*** DATA TO EXAMINE ***

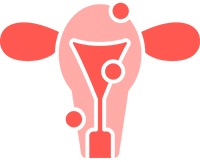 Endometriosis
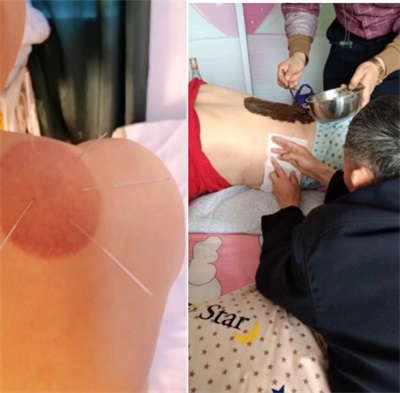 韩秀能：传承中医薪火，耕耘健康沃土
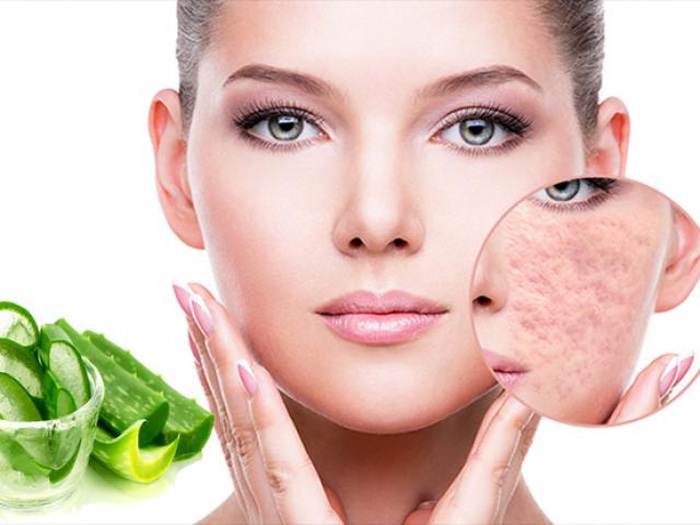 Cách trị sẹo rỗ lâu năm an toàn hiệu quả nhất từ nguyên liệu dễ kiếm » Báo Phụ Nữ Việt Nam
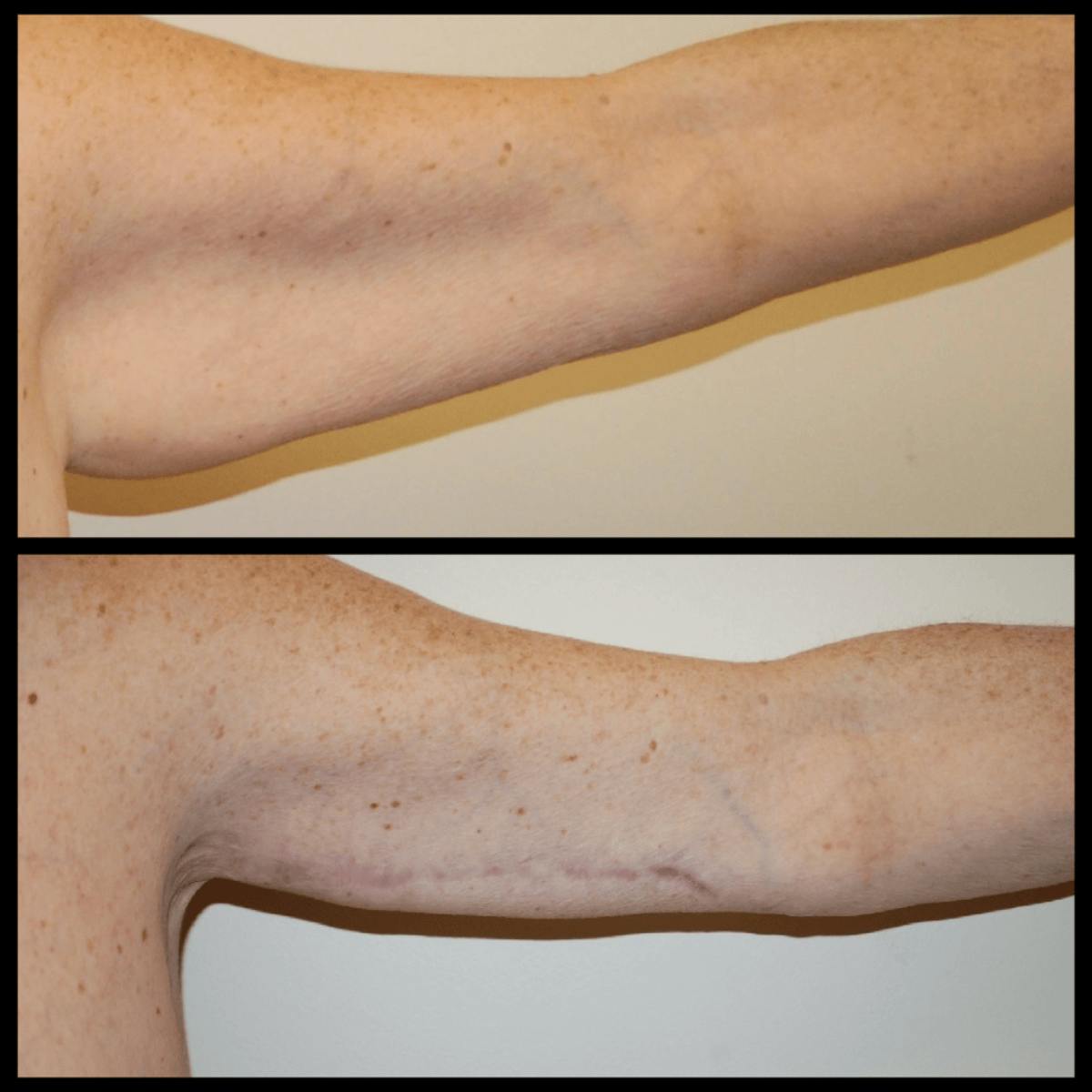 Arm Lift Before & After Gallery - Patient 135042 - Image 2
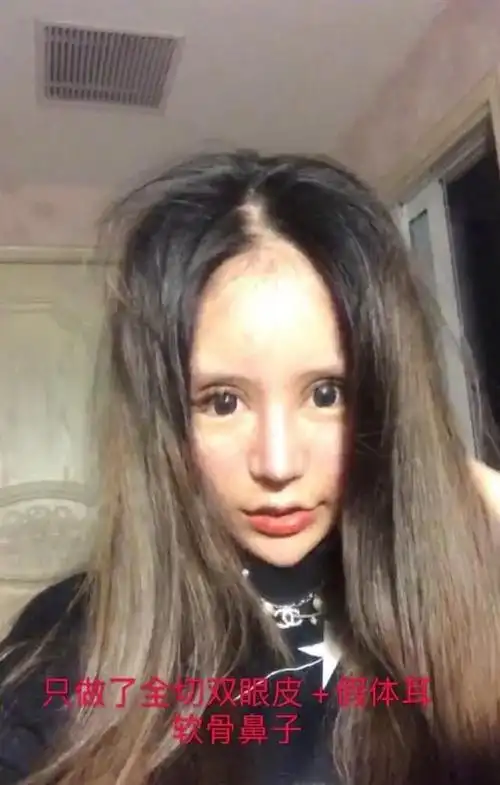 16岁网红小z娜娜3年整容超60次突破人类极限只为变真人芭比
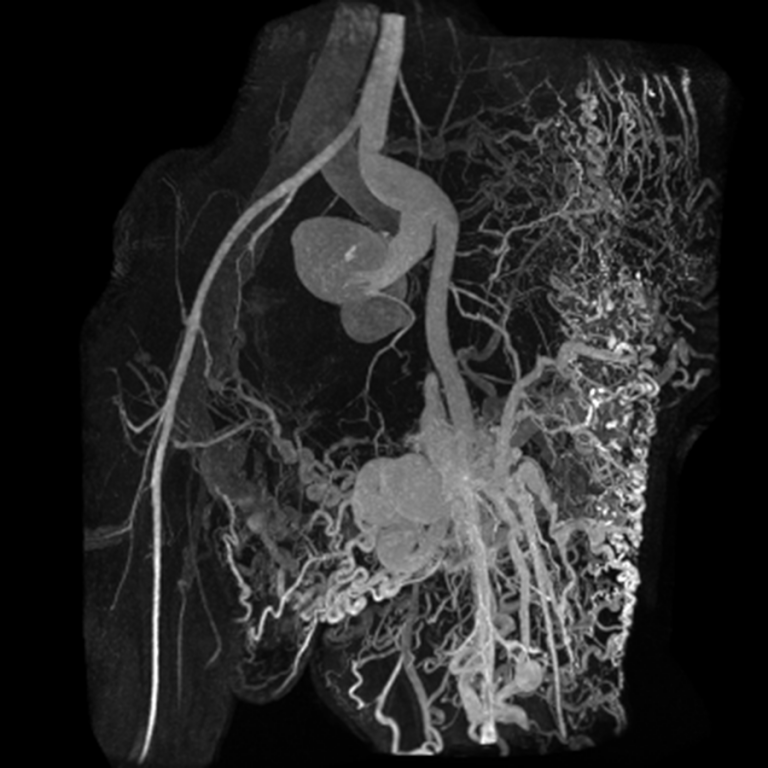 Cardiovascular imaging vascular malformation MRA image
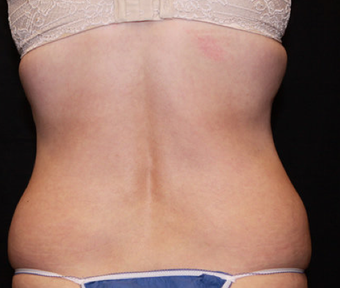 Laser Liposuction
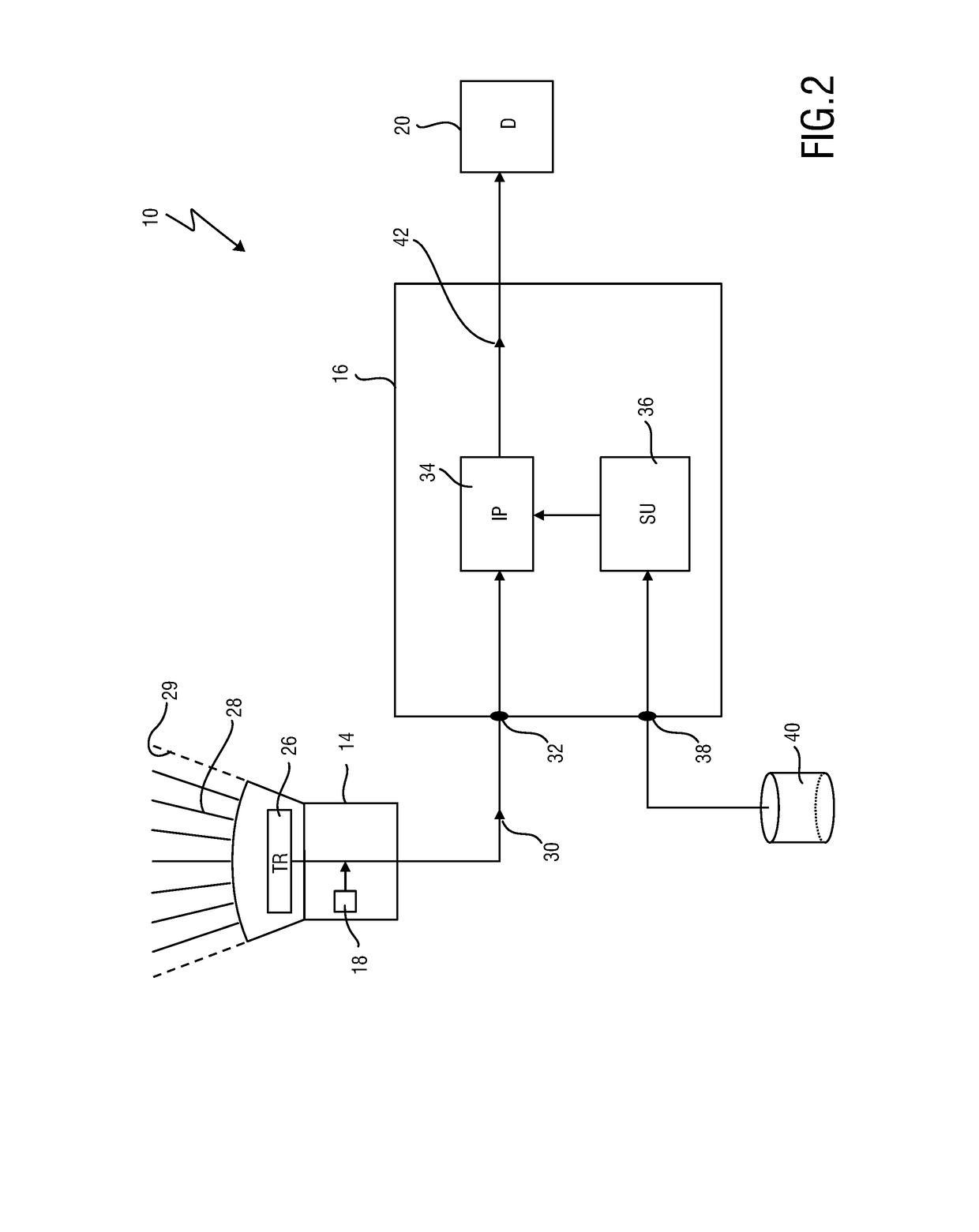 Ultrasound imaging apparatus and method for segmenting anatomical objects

*** End of DATA TO EXAMINE ***

Retype, word for word, the line containing "16岁网红小z娜娜3年整容超60次突破人类极限只为变真人芭比" and each line after it through the end of the data, leaving any picture out.

 16岁网红小z娜娜3年整容超60次突破人类极限只为变真人芭比
 Cardiovascular imaging vascular malformation MRA image
 Laser Liposuction
 Ultrasound imaging apparatus and method for segmenting anatomical objects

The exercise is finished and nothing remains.